─── Records for this task ───

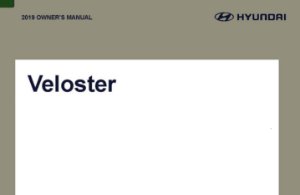 2019 Hyundai Veloster Owner's Manual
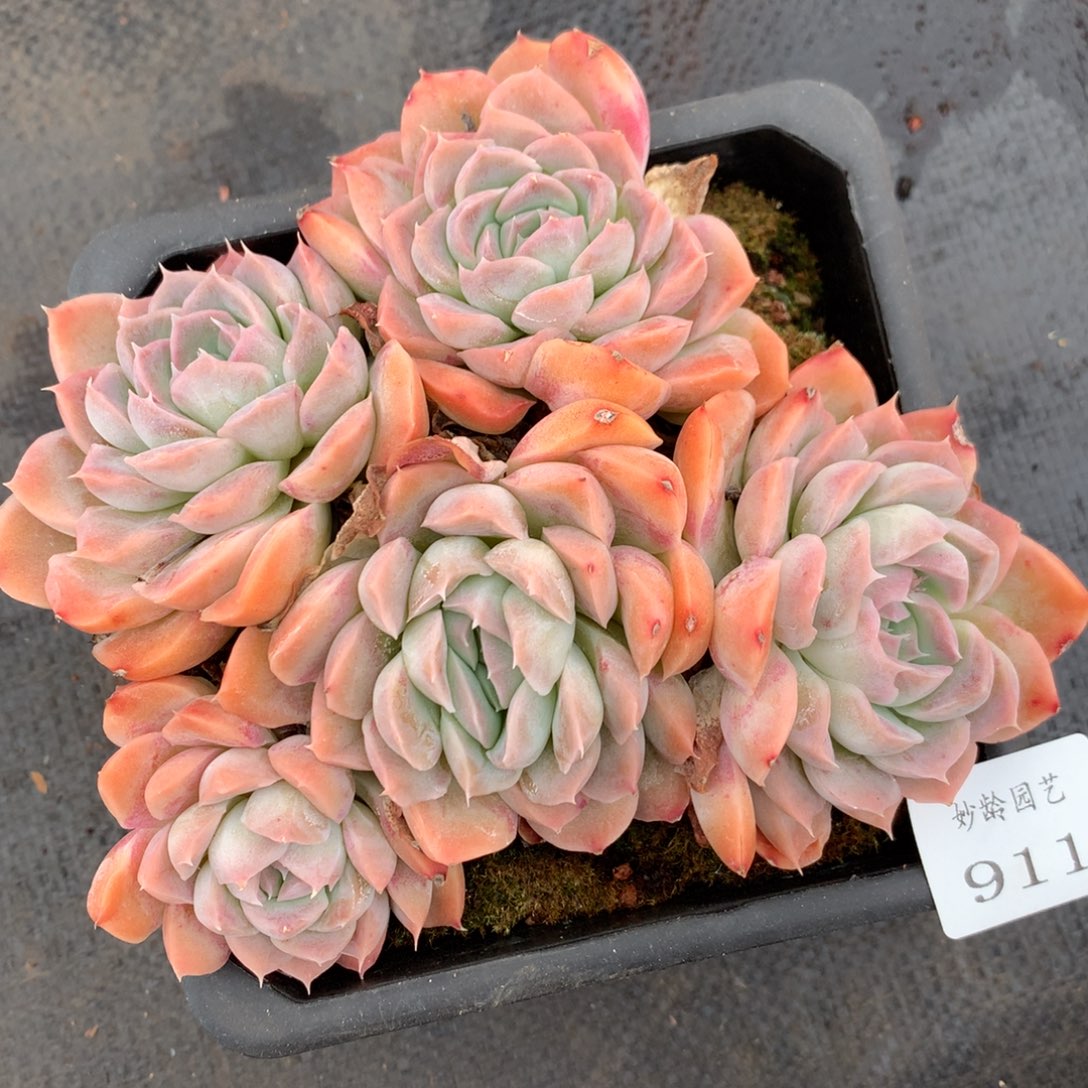 911杂交多肉16厘米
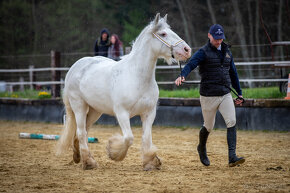 Tradičný Irish cob - 6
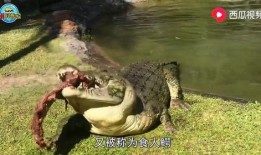 一只霸王龙吃瓜视频,吃瓜视频揭秘史前巨兽的饮食习惯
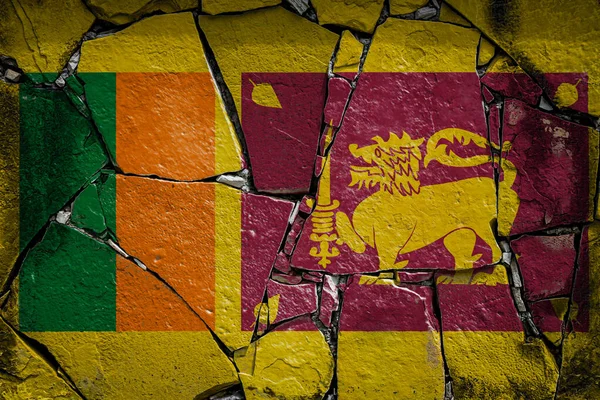 Εθνική Σημαία Της Σρι Λάνκα Απεικονίζει Χρώματα Χρώμα Ένα Παλιό — Φωτογραφία Αρχείου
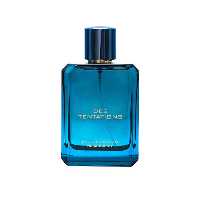 عطر مردانه فرگرانس ورد اروس Des Tentation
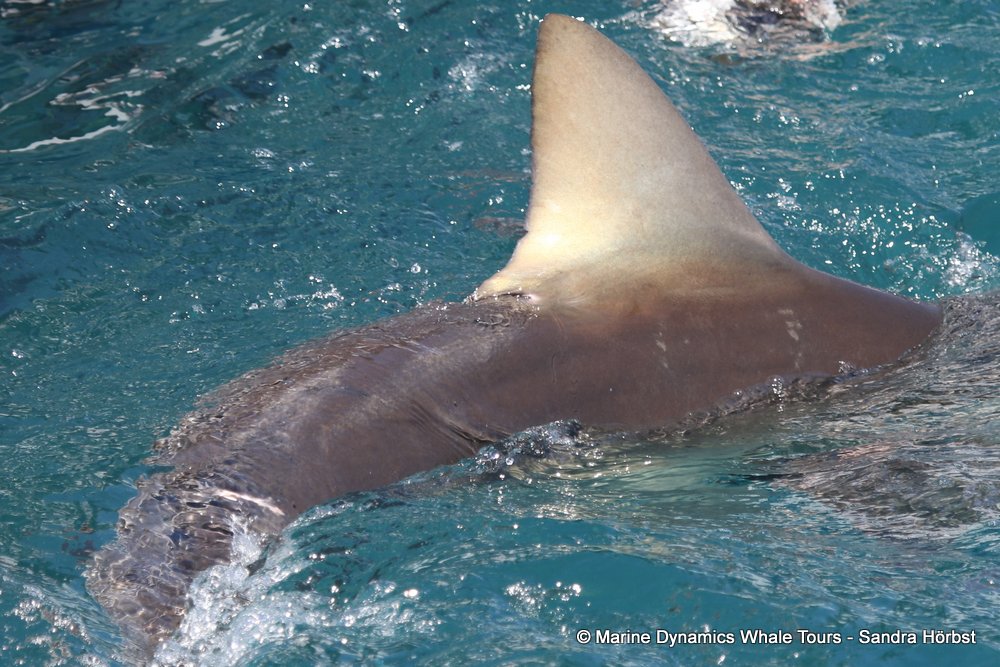 bronze whaler shark, whale watching, gansbaai, south africa,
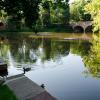 Varsity pond with ducks on the pond during springtime.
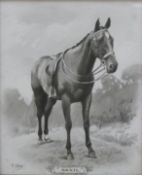 H Collier pencil and sepia wash of a horse entitled 'Skate', signed lower left,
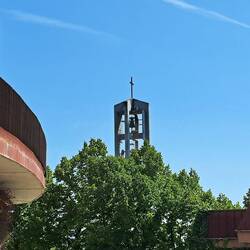Tra gli alberi, una mostruosità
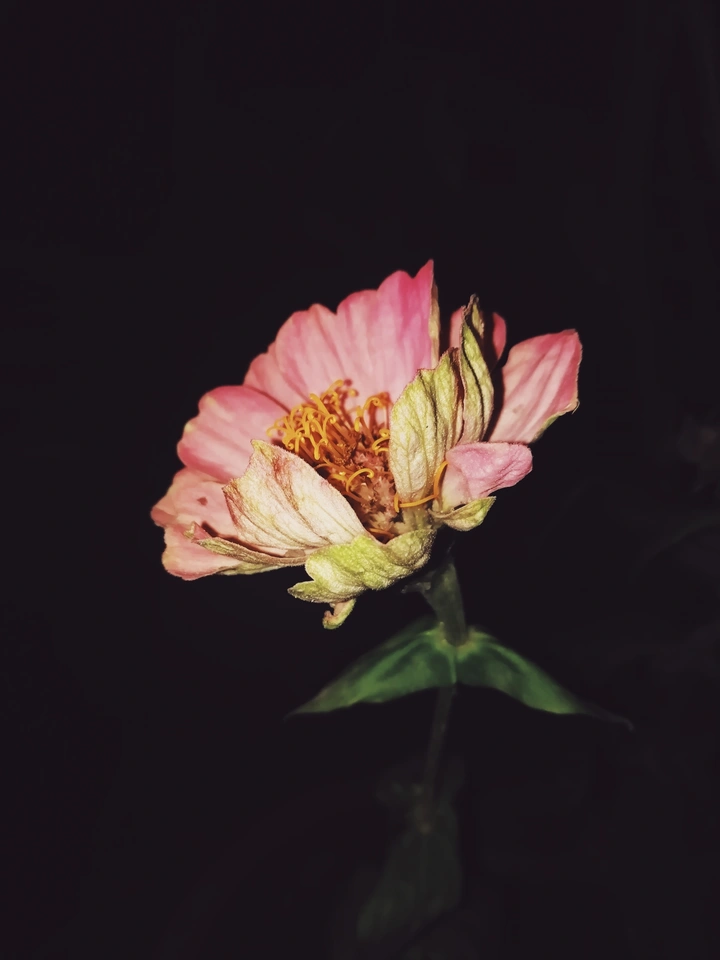 花记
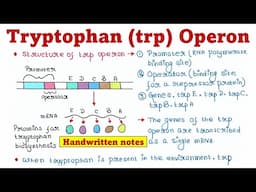 Trp Operon | Principle and Mechanism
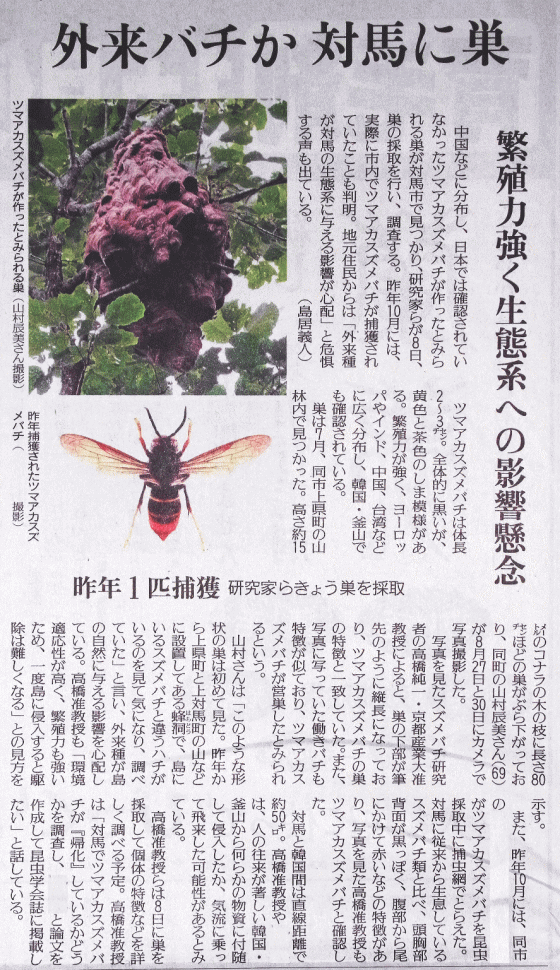 ツマアカスズメバチの新聞記事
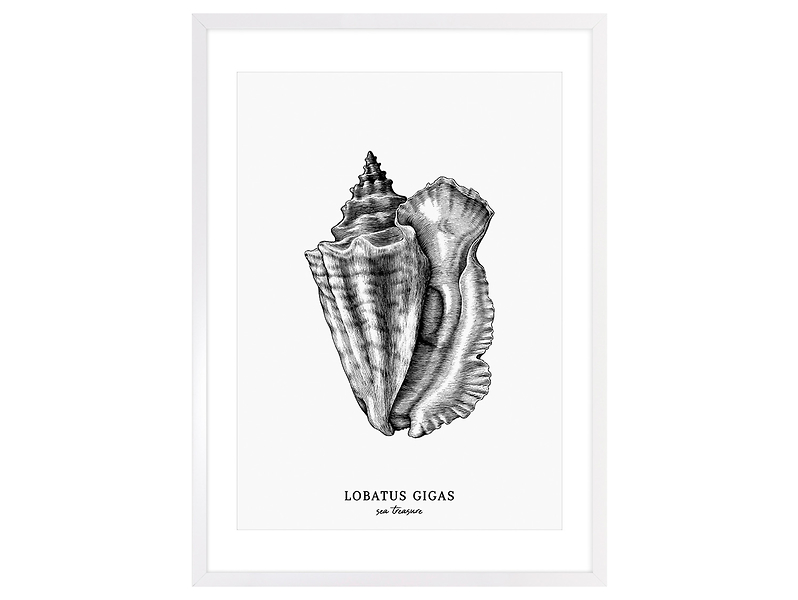 Obraz w ramie Lobatus Gigas Shell 53x73 cm 230424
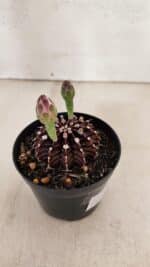 GYMNOCALYCIUM Friedrichii LB 2178 "Purple" - Nº 601 – vaso 09 - Imagem 5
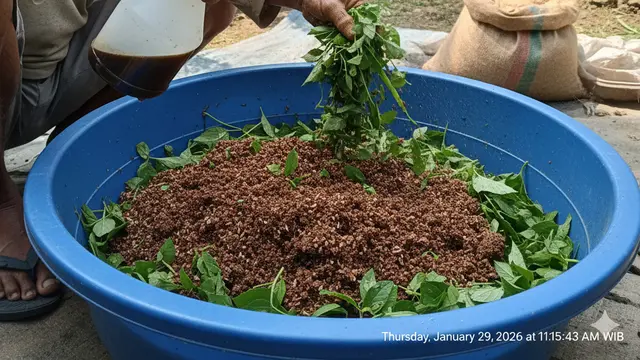 Cara Buat Pakan Kambing Fermentasi dari Daun Liar Pekarangan. AI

───

Required work
Working from the line with "Obraz w ramie" down through the last line of the records, give every line again exactly, but no pictures.

Solved exercise
 Obraz w ramie Lobatus Gigas Shell 53x73 cm 230424
 GYMNOCALYCIUM Friedrichii LB 2178 "Purple" - Nº 601 – vaso 09 - Imagem 5
 Cara Buat Pakan Kambing Fermentasi dari Daun Liar Pekarangan. AI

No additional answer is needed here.